Rev. Raymond John Baughan

by Mike Roberts, Church Historian

Raymond John Baughan had a remarkable career as a Universalist and eventually Unitarian Universalist minister. His career spanned 53 years including 12 full-time assignments and 11 more interim assignments after his “retirement”. Reverend Baughan was the minister of our congregation from 1962 to 1964. He also served an interim assignment with the First Unitarian Church of Cincinnati. In addition to his legacy as a minister, he also left behind a plethora of meditations and poetry. He published six books of meditations and poetry including his most often quoted The Sound of Silence, published one year before Simon and Garfunkel’s Sounds of Silence. Below are a few samples of his works.

From The Breaking of Bread published in 1951:

When the heart is persuaded, it knows no sacrifice.
In giving and forgiving, we become ourselves.
It is when our inner law is not being expressed
that we become concerned with the cost.

From The Sound of Silence published in 1965:

Here in the space between us and the world
lies human meaning.
Into the vast uncertainty we call.
The echos make our music,
sharp equations which can hold the stars,
and marvelous mythologies we trust.
This may be all we need to lift our love
against indifference and pain.
Here in the space between us and each other
lies all the future
of the fragment of the universe
which is our own.

From Undiscovered Country published in 1946:

The secret of happiness is in knowing this: that we live by the law of expenditure. We find greatest joy, not in getting, but in expressing what we are. There are tides in the ocean of life, and what comes in depends on what goes out. The currents flow inward only where there is an outlet. Nature does not give to those who will not spend; her gifts are loaned to those who will use them. Empty your lungs and breathe. Run, climb, work, and laugh; the more you give out, the more you shall receive. Be exhausted, and you shall be fed. Men do not really live for honors or for pay; their gladness is not in the taking and holding, but in the doing, the striving, the building, the living. It is a higher joy to teach than to be taught. It is good to get justice, but better to do it; fun to have things but more happy to make them. The happy man is he who lives the life of love, not for the honors it may bring, but for the life itself.

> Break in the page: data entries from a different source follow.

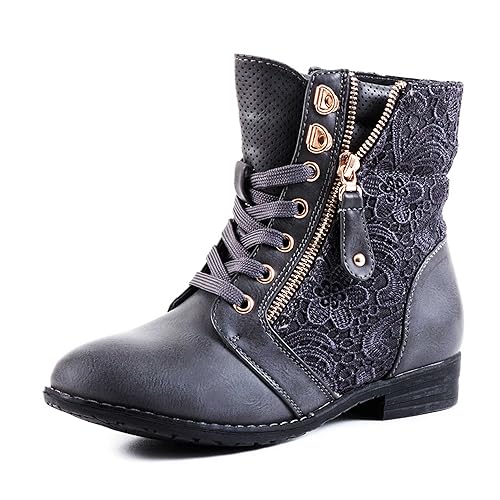 Marimo24 #Trendboot Damen Kurzschaft Stiefeletten Schnür Boots in hochwertiger Lederoptik Übergrößen bis 43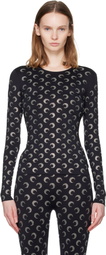 Marine Serre Black Recycled Moon Strass Second Skin Crewneck T-shirt
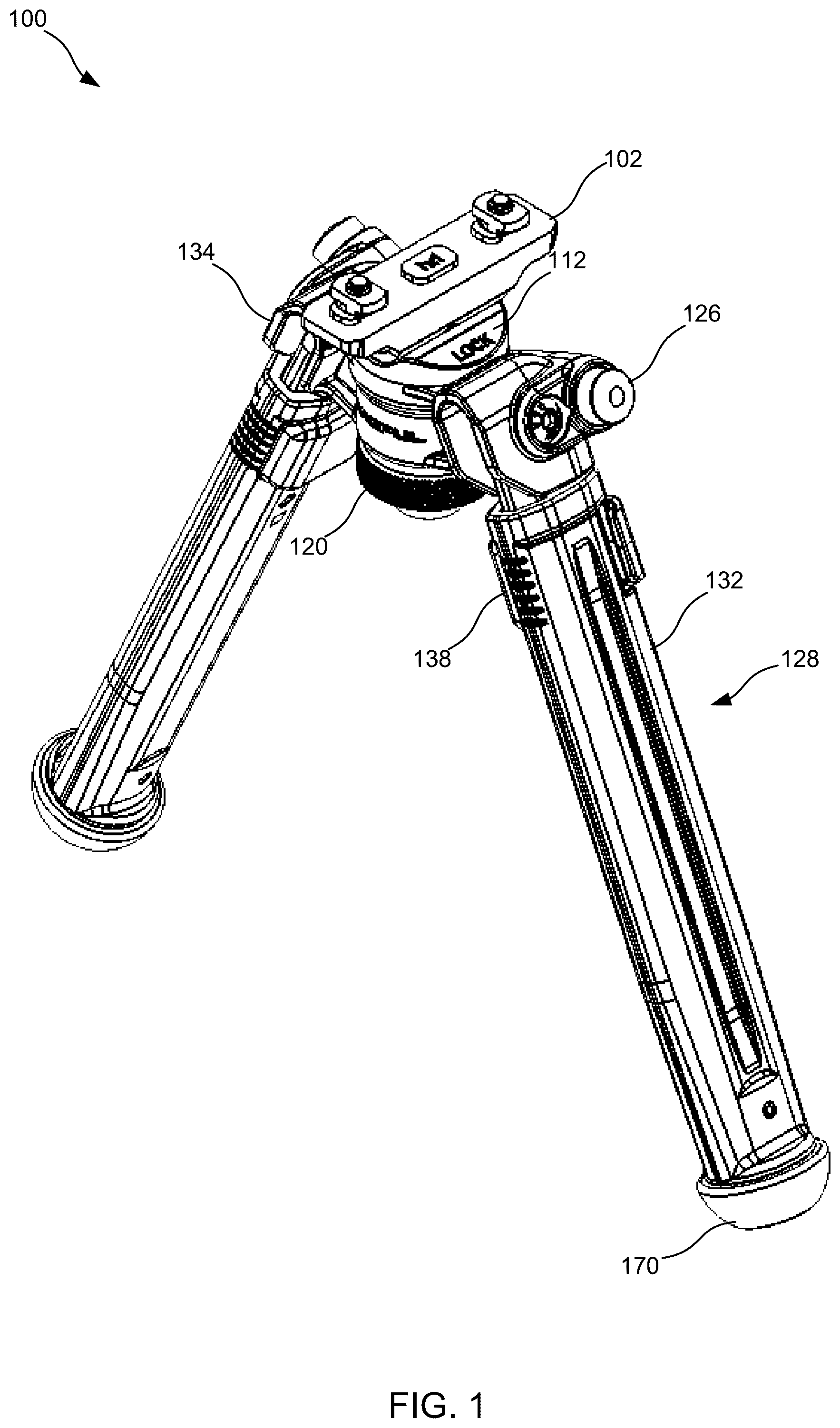 Patent US12422209 Figure 1 – Firearm bipod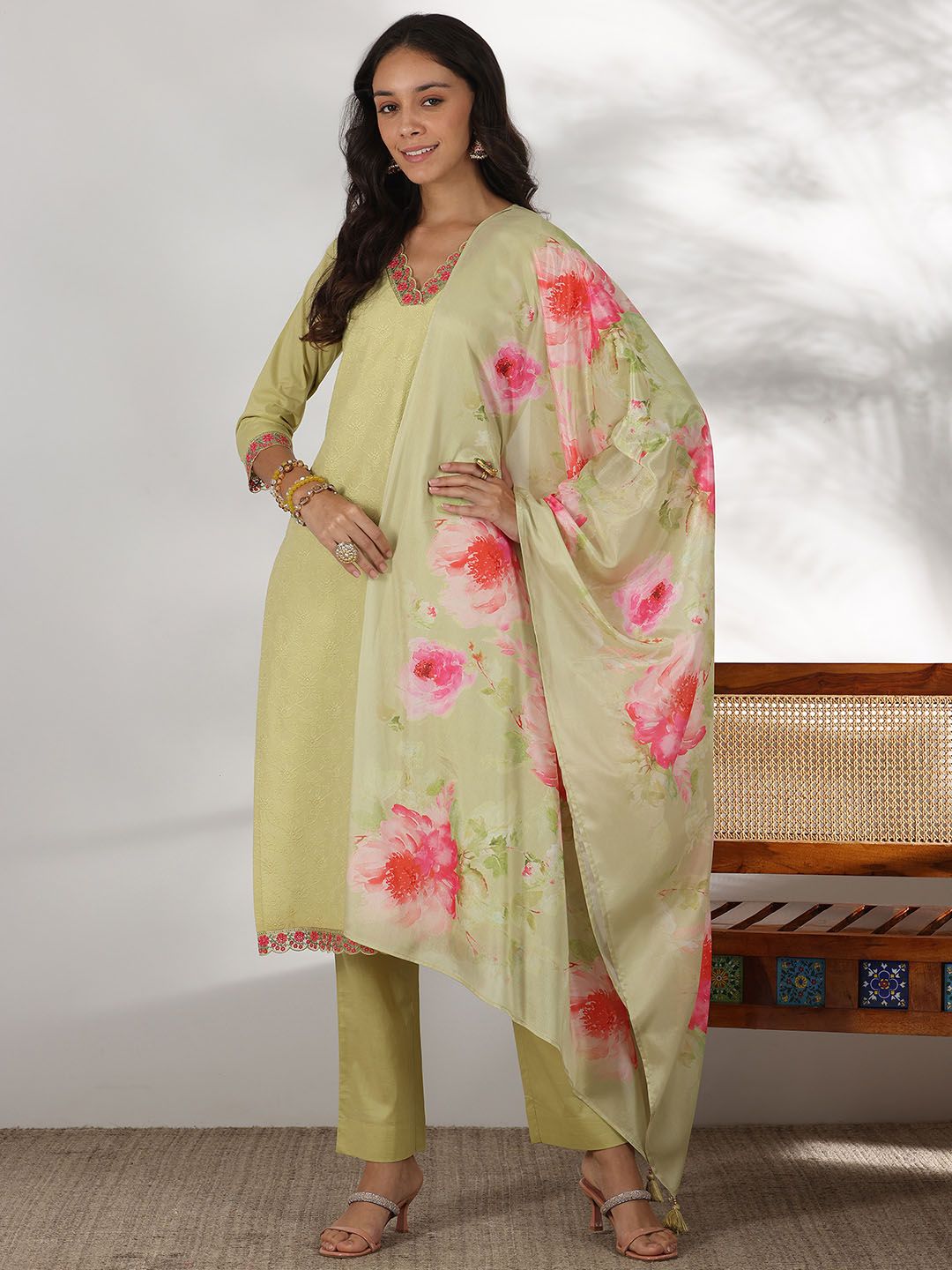 Libas Floral Embroidered Thread Work Pure Cotton Straight Kurta With Palazzos & Dupatta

Reverend Baughan’s son, William, followed his father into the ministry. He recently retired as a UU pastor from a church in Palmer, Massachusetts. When queried about his favorite writings of his father, he mentioned several including the following, also from The Sound of Silence.

When I am alive,
a wonder goes through me
as spring goes through a seed.

A bursting bud’s the universe.

And nothing hurries;
everything is new.

Living,
the world’s a symphony.
More music follows music;
the meaning is the sound;
and sound’s a sail.

Awake,
the world’s a carnival
of flashing scarlet,
green defining gold
that chases umber.
The patterns flow from form to form
like shadows from the sun.

When I live,
I celebrate this light, this sound.
What lifts the birds into the air
lifts me.

The spirit skips and frolics
like a kite,
and like the rain on rock
my senses chant applause.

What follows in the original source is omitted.